## Task to complete
Nothing but the records themselves, exactly as written, should appear in the reply; leave out the pictures.
- Opening Delimiter -
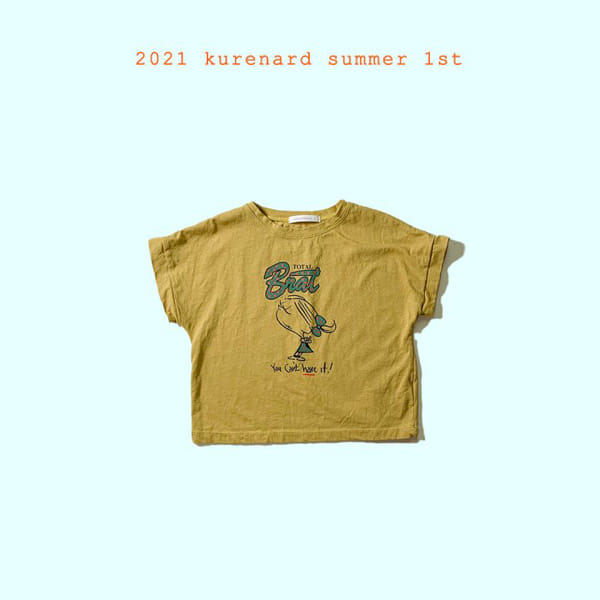 KURENARD - Korean Children Fashion - #Kfashion4kids - Tomboy Tee - 3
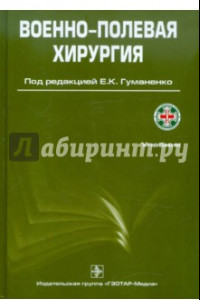 Книга Военно-полевая хирургия. Учебник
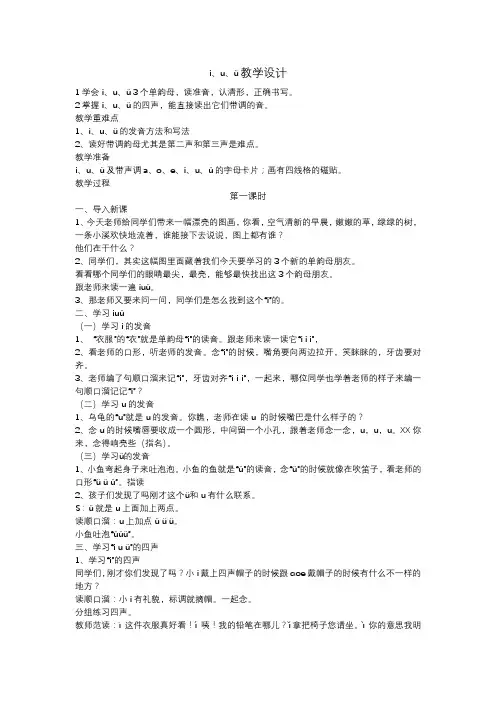 iuvyw教学设计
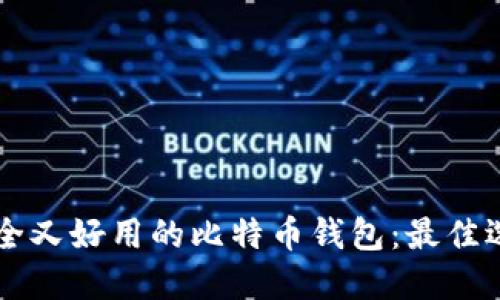 寻找安全又好用的比特币钱包：最佳选择推荐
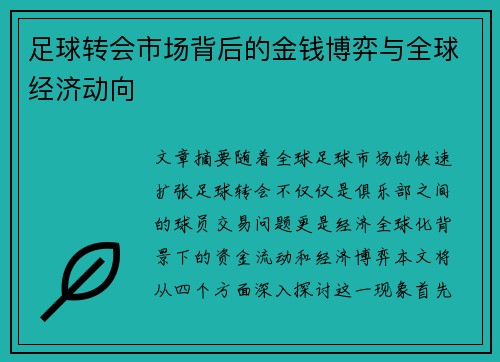 足球转会市场背后的金钱博弈与全球经济动向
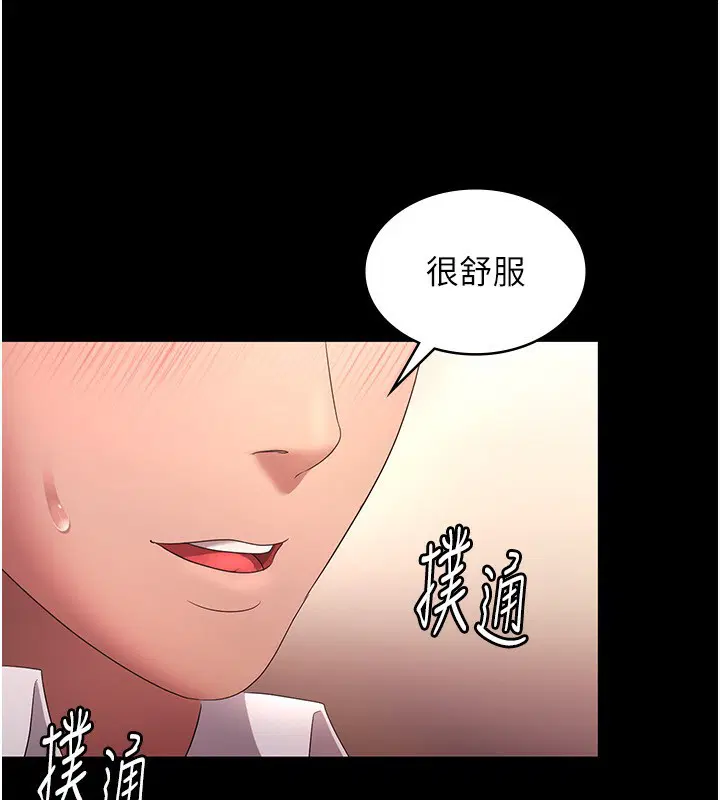 第41話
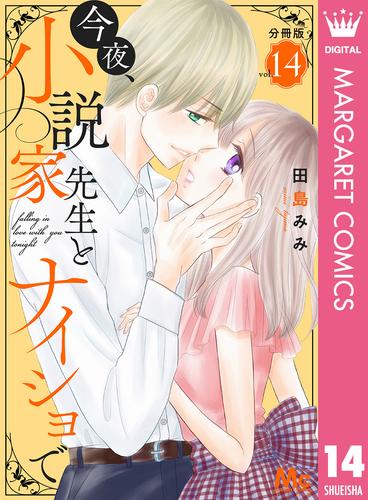 今夜、小説家先生とナイショで 分冊版 14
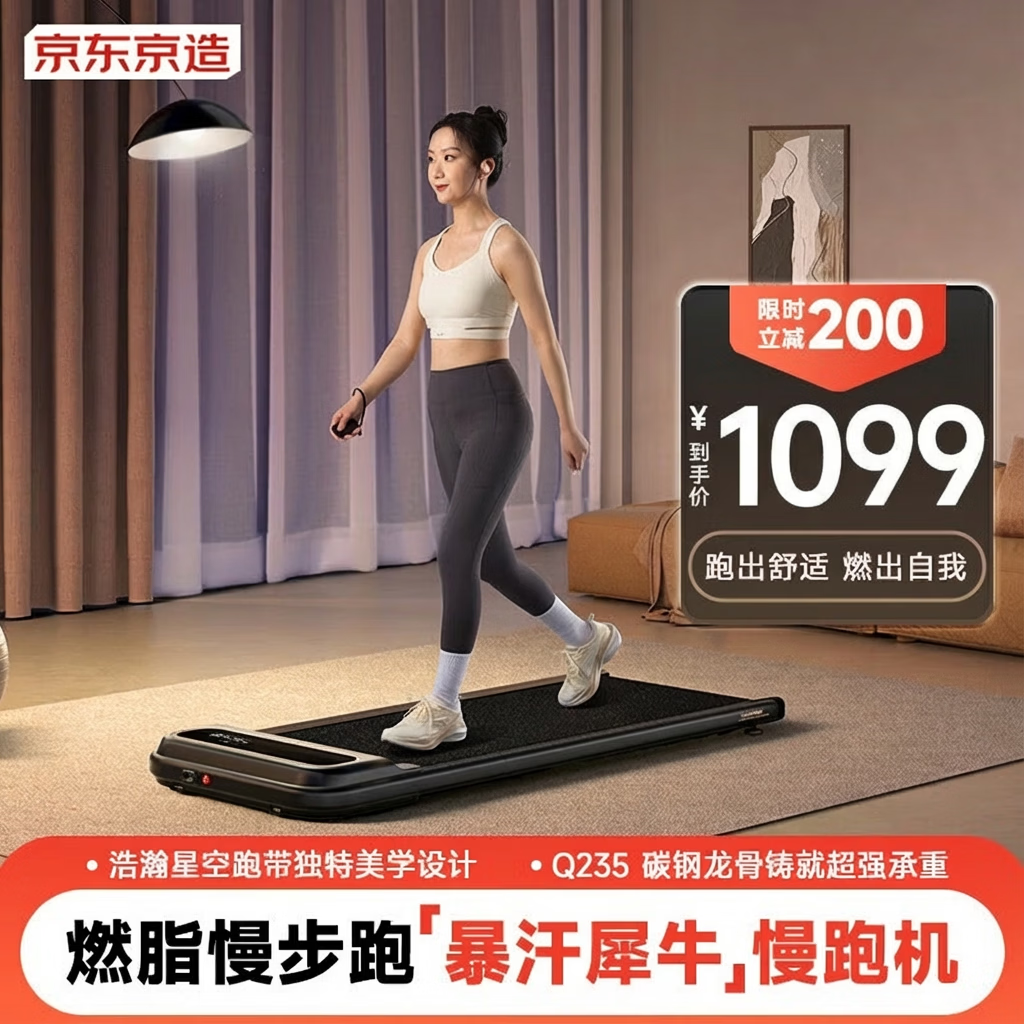 十大公认最好的跑步机品牌 麦瑞克易跑华为智选跑步机选购指南_家用跑步机十大名牌是什么,跑步机什么牌子好?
- Closing Delimiter -
## Task answer
 KURENARD - Korean Children Fashion - #Kfashion4kids - Tomboy Tee - 3
 Книга Военно-полевая хирургия. Учебник
 iuvyw教学设计
 寻找安全又好用的比特币钱包：最佳选择推荐
 足球转会市场背后的金钱博弈与全球经济动向
 第41話
 今夜、小説家先生とナイショで 分冊版 14
 十大公认最好的跑步机品牌 麦瑞克易跑华为智选跑步机选购指南_家用跑步机十大名牌是什么,跑步机什么牌子好?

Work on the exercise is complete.